J'ai découvert Amélie Nothomb peu après le début de son aventure éditoriale. Avec "Hygiène de l'assassin", sorti en 1992 chez Albin Michel. J'ai tout de suite apprécié l'ouvrage. Et au début, je ne ratais pas un seul des suivants pendant les premières années. Les titres eux-mêmes sont merveilleux, pleins d'originalité, parfois sans vraie signification mais qui collent juste, qui se lit harmonieusement, comme si c'était déjà des classiques, et oui, en fait, maintenant, après près de trente ans, oui trente ans ! de carrière littéraire, les "Amélie Nothomb" sont devenus des classiques de la littérature française, disons francophone.
Parmi les titres moins "tordus", cet excellent roman "Mercure", sorti en 1998 chez Albin Michel, dont j'ai adoré l'originalité de l'histoire. Impossible d'en dire plus qu'une jeune fille enfermée et blessée qui n'a pas le droit de se regarder dans un miroir mais qui réussit quand même à trouver un moyen pour voir son visage (le titre apporte ainsi un indice déterminant).
Quand j'écris "excellent", je ne me sens pas du tout "juge", les lecteurs ont décidé très largement de donner leurs sentiments, ils sont plusieurs dizaines voire centaines de milliers au rendez-vous de chaque nouveau roman. Selon son éditeur, en vingt ans (en été 2012), elle... enfin il, l'éditeur, aurait vendu déjà au moins 15 millions d'exemplaires de ses livres, traduits dans quarante-six langues. On peut dire qu'Amélie Nothomb est une "valeur sûre", et il faut bien se décider à comprendre que nombre et qualité ne sont pas nécessairement incompatibles dans la littérature française.
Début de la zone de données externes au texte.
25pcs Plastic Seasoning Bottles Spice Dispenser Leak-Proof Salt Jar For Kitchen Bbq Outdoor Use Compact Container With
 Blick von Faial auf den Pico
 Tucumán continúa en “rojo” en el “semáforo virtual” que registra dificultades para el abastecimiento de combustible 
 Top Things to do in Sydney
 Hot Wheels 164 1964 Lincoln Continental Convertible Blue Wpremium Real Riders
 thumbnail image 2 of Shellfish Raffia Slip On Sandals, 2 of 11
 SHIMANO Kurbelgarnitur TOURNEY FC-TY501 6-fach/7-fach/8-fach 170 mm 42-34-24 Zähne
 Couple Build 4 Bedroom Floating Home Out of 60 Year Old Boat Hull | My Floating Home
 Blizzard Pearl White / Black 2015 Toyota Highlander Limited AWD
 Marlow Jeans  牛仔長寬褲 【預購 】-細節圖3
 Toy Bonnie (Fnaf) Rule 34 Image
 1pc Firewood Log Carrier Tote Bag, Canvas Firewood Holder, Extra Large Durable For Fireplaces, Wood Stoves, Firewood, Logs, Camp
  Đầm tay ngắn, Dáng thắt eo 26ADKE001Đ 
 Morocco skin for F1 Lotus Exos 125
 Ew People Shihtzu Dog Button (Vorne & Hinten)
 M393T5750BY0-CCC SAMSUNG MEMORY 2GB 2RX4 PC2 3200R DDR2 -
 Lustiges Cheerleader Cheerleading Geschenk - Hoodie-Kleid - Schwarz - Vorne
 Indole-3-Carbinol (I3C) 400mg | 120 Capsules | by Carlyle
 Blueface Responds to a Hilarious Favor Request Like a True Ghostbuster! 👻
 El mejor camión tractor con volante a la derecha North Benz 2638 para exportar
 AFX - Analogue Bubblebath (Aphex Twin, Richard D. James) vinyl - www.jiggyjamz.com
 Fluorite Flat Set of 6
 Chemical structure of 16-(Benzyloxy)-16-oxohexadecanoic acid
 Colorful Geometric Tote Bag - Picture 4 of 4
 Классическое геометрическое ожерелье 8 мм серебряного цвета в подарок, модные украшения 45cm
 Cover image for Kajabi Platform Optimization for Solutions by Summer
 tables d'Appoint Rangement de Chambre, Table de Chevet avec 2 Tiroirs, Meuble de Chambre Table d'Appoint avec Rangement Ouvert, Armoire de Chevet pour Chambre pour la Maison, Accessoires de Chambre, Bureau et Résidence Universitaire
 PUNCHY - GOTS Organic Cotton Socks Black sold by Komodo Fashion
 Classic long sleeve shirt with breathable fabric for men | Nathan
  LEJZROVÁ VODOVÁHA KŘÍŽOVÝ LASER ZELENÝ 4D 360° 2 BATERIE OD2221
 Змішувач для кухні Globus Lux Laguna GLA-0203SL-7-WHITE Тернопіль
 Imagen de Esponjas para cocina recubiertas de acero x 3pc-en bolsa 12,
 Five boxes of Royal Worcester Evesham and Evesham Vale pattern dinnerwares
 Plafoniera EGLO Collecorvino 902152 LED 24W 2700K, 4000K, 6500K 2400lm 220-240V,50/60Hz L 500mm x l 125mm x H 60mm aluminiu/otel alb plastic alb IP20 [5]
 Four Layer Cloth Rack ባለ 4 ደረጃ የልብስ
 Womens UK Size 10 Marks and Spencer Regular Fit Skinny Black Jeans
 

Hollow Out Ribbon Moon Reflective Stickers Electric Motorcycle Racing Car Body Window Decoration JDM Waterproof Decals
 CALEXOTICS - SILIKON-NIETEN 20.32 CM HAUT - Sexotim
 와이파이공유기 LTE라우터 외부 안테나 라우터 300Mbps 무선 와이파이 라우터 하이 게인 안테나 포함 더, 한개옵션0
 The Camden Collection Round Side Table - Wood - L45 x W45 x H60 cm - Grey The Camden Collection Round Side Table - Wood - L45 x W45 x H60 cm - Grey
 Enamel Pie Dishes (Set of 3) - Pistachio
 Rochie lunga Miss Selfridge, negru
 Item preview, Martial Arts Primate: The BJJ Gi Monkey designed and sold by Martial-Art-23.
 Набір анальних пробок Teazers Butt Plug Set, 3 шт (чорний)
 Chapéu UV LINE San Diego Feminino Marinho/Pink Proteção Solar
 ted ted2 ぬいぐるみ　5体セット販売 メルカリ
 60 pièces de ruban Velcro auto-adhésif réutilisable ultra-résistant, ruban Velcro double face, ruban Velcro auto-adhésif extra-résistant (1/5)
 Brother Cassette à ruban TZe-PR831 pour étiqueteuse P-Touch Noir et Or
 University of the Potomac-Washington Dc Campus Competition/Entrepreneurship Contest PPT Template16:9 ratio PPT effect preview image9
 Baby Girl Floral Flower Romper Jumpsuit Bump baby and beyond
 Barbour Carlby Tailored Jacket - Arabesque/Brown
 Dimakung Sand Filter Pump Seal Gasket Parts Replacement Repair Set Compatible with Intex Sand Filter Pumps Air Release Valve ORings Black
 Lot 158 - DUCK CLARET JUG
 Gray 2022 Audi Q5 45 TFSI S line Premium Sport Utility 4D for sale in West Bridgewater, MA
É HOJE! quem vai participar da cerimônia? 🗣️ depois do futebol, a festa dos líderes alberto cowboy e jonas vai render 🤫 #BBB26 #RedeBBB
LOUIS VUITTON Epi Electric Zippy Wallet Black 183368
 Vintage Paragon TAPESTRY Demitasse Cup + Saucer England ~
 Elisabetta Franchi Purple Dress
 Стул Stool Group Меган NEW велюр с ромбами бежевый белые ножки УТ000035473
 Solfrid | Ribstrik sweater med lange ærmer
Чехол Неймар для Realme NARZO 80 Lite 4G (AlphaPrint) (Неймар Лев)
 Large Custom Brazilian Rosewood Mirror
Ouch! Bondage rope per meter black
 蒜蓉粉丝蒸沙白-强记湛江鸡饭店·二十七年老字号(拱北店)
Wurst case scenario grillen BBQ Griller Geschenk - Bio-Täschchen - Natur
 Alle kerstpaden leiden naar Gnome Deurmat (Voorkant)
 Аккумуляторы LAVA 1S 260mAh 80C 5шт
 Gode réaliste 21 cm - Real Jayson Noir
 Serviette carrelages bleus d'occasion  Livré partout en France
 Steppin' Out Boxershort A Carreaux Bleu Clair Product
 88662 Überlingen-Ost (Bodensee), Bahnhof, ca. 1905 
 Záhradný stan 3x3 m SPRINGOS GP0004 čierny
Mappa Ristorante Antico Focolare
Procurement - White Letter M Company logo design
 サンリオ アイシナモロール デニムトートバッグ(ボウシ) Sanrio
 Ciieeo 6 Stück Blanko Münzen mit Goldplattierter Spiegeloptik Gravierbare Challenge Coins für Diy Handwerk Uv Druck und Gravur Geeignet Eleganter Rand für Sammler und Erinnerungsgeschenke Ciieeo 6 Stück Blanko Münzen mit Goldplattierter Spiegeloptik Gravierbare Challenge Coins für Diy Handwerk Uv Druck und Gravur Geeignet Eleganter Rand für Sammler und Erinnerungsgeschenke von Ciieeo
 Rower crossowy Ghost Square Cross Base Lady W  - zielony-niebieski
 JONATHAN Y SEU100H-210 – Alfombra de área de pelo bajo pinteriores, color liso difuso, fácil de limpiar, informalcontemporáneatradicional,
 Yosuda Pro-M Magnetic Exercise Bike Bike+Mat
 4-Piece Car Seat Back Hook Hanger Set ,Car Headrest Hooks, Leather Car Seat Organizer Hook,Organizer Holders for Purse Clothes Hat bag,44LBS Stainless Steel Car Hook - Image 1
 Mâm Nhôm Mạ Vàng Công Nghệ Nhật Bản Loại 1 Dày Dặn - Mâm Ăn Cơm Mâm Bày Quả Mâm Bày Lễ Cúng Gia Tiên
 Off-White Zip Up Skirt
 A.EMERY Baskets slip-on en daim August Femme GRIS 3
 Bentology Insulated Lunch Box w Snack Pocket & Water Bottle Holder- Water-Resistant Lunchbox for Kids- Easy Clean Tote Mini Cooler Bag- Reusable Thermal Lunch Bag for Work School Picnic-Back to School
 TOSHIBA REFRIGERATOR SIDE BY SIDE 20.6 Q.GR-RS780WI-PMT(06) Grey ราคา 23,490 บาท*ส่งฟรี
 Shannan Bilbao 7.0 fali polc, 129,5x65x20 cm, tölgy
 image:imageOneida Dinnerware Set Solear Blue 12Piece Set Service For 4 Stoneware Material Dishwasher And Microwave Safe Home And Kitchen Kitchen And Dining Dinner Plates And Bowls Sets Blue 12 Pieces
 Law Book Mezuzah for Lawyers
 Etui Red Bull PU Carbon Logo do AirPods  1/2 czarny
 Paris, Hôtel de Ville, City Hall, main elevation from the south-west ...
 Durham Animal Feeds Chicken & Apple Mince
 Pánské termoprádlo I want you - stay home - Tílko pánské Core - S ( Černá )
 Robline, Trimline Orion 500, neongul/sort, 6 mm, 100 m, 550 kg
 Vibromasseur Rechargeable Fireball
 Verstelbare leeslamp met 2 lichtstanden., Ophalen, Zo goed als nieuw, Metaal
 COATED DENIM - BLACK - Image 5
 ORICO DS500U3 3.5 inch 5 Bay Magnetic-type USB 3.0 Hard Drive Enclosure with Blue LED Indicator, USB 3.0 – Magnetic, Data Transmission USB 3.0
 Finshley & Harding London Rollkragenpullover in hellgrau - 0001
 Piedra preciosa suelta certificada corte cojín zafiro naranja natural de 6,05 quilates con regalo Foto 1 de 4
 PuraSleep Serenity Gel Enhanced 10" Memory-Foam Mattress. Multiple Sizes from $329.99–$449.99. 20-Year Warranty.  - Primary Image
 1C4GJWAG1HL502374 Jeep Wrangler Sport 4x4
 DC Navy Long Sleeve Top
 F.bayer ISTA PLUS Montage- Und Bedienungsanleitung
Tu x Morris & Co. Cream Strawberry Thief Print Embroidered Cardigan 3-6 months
Enfin, elle n'est pas française ; elle est belge, fille de diplomate belge, sœur d'une autre romancière (Juliette), mais la France se "l'approprierait" sans hésitation ! Enfin, ceux qui croient que les apports extérieurs enrichissent le génie national, bien sûr. Pour l'heure, ce sont les académiciens belges qui l'ont accueillie (en 2015, au fauteuil numéro 26 de l'Académie royale de langue et de littérature française, le fauteuil de Georges Simenon), et l'on imagine encore mal les nôtres, les académiciens de l'Académie française, se proposer de la coopter. C'est peut-être péremptoire ce que j'écris, mais en tout cas, ils y auraient tout à y gagner : féminisation et rajeunissement (parce qu'à 55 ans, c'est encore "jeune" pour l'Académie !).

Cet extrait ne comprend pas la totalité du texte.